*** RECORD SET ***

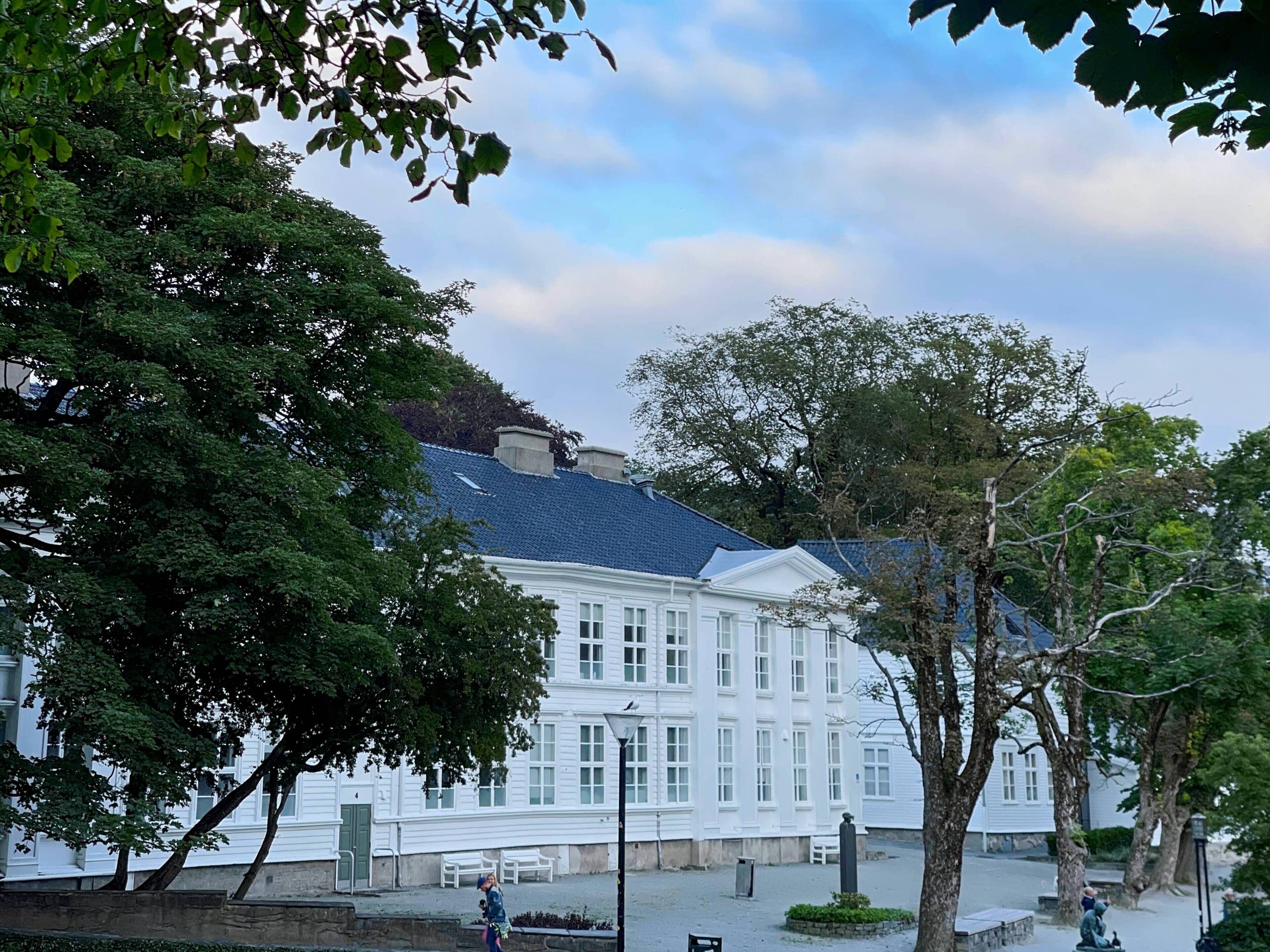A white building with a blue roof, surrounded by trees and benches.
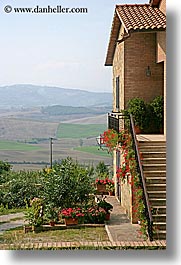 europe, flowers, houses, italy, pienza, plants, scenics, towns, tuscany, vertical, photograph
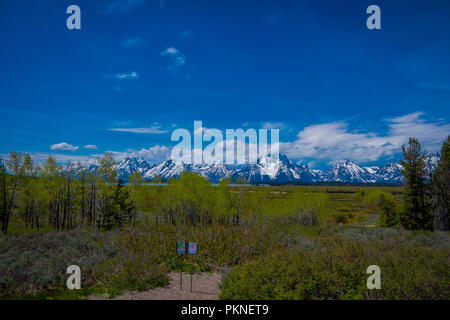 YELLOWSTONE, MONTANA, USA MAY 24, 2018: Close up of informative sign of Teton range and the valley mountains landscape of Grand Teton National Park, Wyoming behind Stock Photo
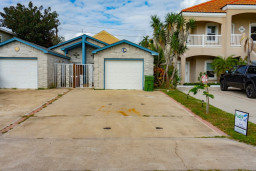 Clean, well‑maintained duplex with garage, a wide driveway, and a bright, inviting exterior—offering guests a comfortable, quiet home base.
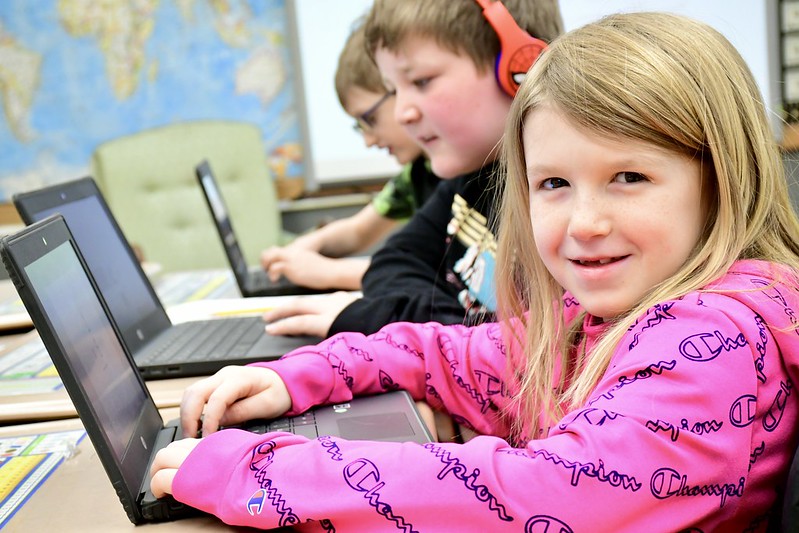 Student smiling while working on a laptop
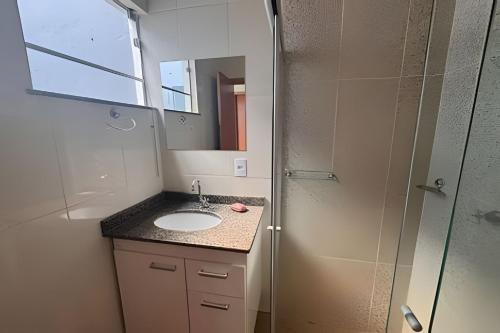 a bathroom with a sink and a mirror and a shower at Vila São José 1 in Ourinhos
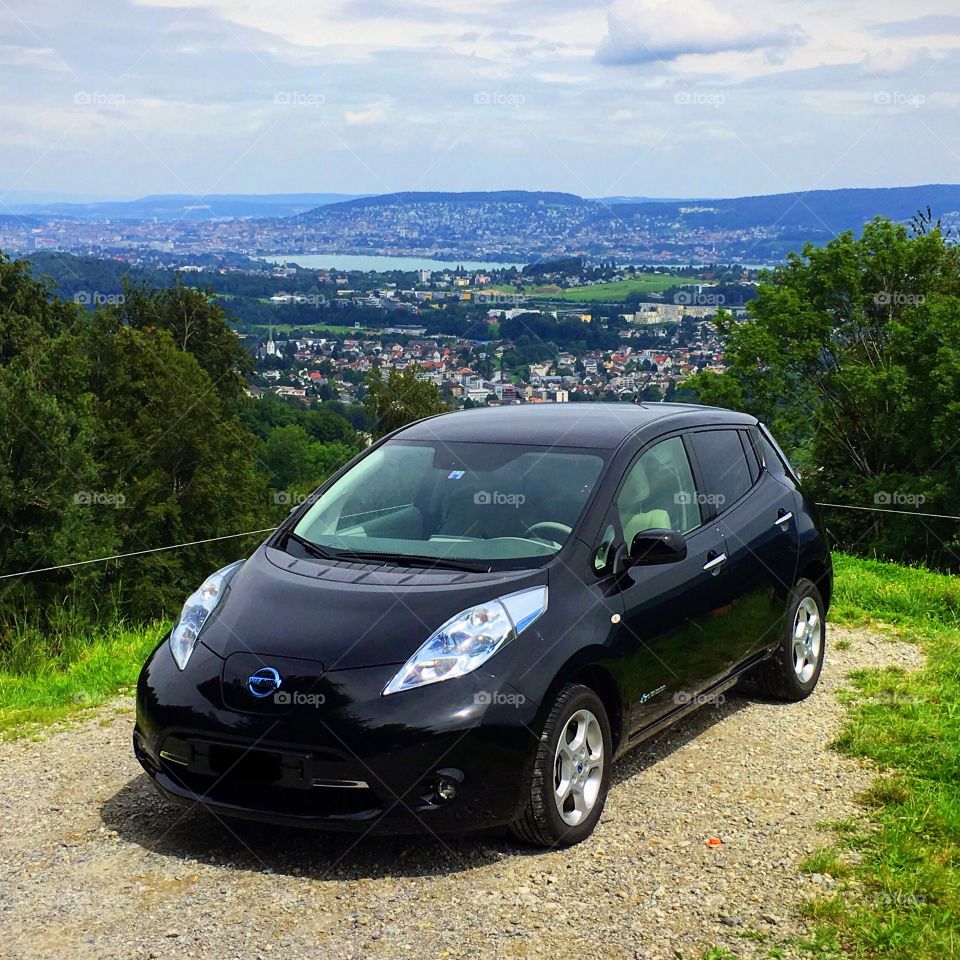 Black Nissan Leaf with beautiful summer background Zürich in Switzerland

***

DIRECTIONS:
The task calls for duplicating the data exactly, with no images kept.

RESULT OF THIS EXERCISE:
A white building with a blue roof, surrounded by trees and benches.
 europe, flowers, houses, italy, pienza, plants, scenics, towns, tuscany, vertical, photograph
 YELLOWSTONE, MONTANA, USA MAY 24, 2018: Close up of informative sign of Teton range and the valley mountains landscape of Grand Teton National Park, Wyoming behind Stock Photo
 Clean, well‑maintained duplex with garage, a wide driveway, and a bright, inviting exterior—offering guests a comfortable, quiet home base.
 Student smiling while working on a laptop
 a bathroom with a sink and a mirror and a shower at Vila São José 1 in Ourinhos
 Black Nissan Leaf with beautiful summer background Zürich in Switzerland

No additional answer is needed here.